広東語を音読してもらう
私の座右の書のひとつは「台所から北京が見える」(長澤信子著)である。
北京語通訳者の長澤信子さんが勉強を開始し通訳になり活躍するまでを書いた本で、時折パラパラとめくって読むが、毎回 外国語の勉強について教えられることが多い。
実は今もっているものは2冊目で、1冊目はまだ家のどこかにあるはずだが、読みたいときに探しても見つからなかったので、急遽 2冊目を買ったのである。私にとってはそこまでしても読む価値のある本ということができる。
この本のテーマは北京語の学習だけれども、あらゆる外国語を学習しているひとにとっていろいろと参考になることが書いてある。
例えば、p187 に下記のような記述がある。
居間には私の自慢のテープライブラリーがある。市販のものではない。機会あるごとに中国人にお願いして、吹き込んでもらったものばかりである。魯迅、巴金、朱自清の作品と、「古詩十九首」、「胡笳十八拍」から「唐詩」にいたる漢詩のテープがそろっている。
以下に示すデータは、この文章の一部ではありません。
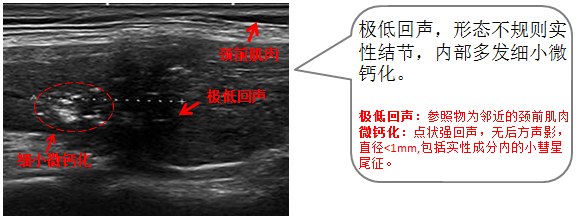 钙化是甲状腺结节超声报告中的一个重要指标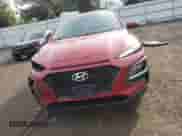 2018 Hyundai Kona SEL with VIN KM8K2CAA6JU147246, listed as a Copart auction lot 80324185 with 49,367 mi miles and Salvage title. Bid and sale history available at DreamBid. Image 5.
カードを書くのに疲れたときは、私はこれらのテープに耳をかたむける。そのとき私は、けっして、ながら族ではない。白居易の「長恨歌」と「琵琶行」は、テープをあまりくりかえし聞いたのでほとんど覚えてしまった。
これに刺激を受けて、私は以前「西遊記」の児童版を買ってきて、香港人のカミさんに吹き込んでもらったことがあった。今ならスマホがあるので録音自体は簡単である。
しかし、カミさんのモチベーションを上げて、吹き込ませるほうが大変だった。
自宅にいるときに、「西遊記」の児童版とスマホを渡して、「さぁ、広東語で吹き込んでくれ」といって実現するほどたやすいものでは決してない。
機嫌の良いときに、子供と一緒に近所のレストランに出かけ、ゆっくり食事をしたのち、「実は西遊記を広東語で録音してほしいんだけど」と切り出さなくてはならない。
外で仕事をしているときでも、家で何かをしようとするときでも、何でも根回しが大切であるということになる。
カミさんは機嫌がよいときに録音すると、会話体の文章はそれぞれの人物によって声音を変化させ、逆に地の文は感情を込めずに淡々と発声してくれるほどサービス精神が旺盛なのである。
カミさんは外国語の学習ということに全くと言ってよいほど興味がないので、こういう人物を誘導するのは、なかなか頭を使うことである。
このように自作の音声は、市販教材のCD音声などに比べて愛着がある分、やはり覚えやすい。
カミさんに頼めないひとは、留学生の友達や、教室の先生などに頼むことをおススメする。